◆ What this task involves ◆
Without any of its pictures, the listing below should be output exactly.

───── Data provided

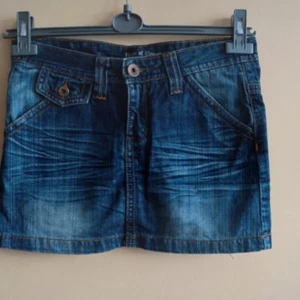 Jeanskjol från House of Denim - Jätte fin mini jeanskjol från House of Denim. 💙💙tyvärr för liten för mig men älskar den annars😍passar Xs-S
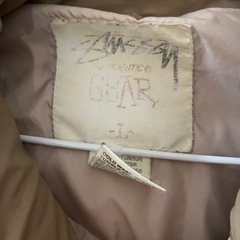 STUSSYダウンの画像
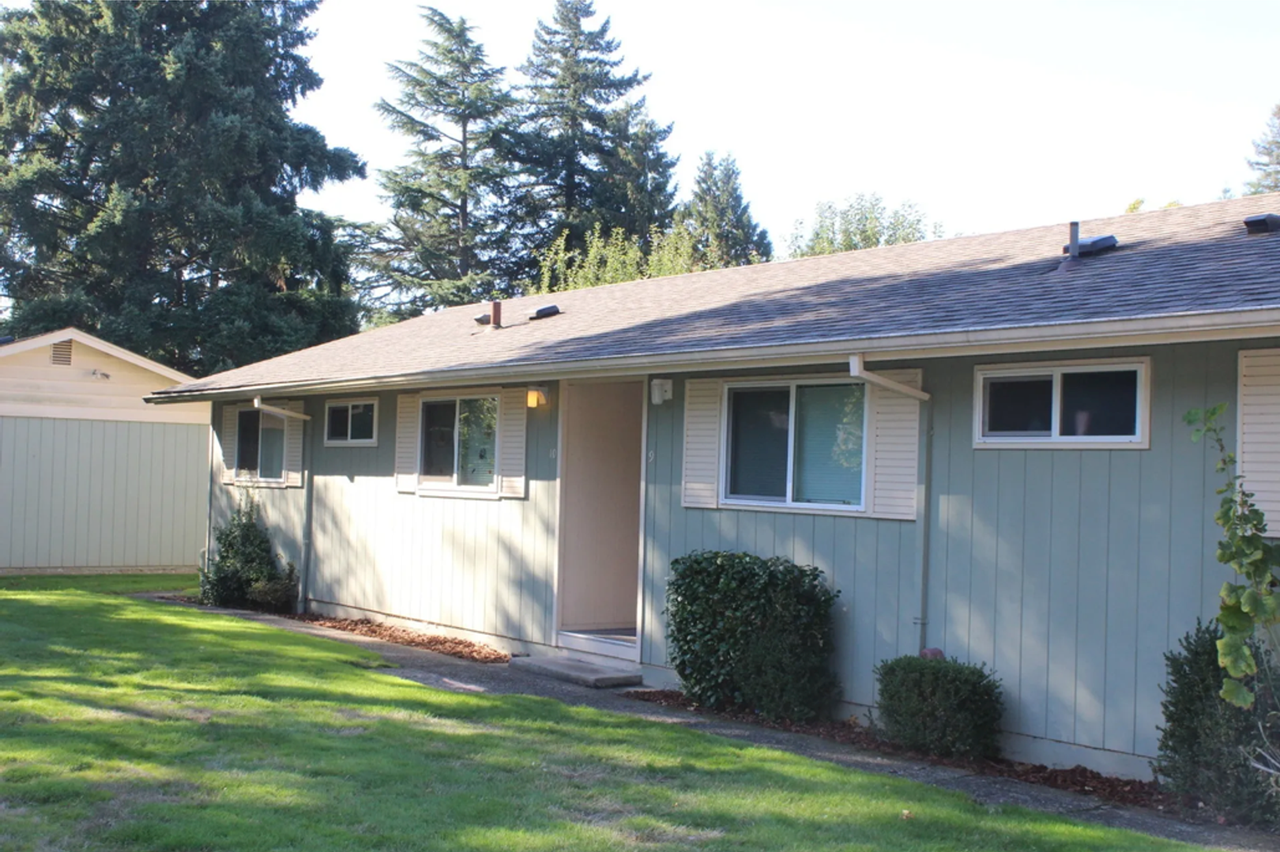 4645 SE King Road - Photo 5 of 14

──────────

◆ Response ◆
 Jeanskjol från House of Denim - Jätte fin mini jeanskjol från House of Denim. 💙💙tyvärr för liten för mig men älskar den annars😍passar Xs-S
 STUSSYダウンの画像
 4645 SE King Road - Photo 5 of 14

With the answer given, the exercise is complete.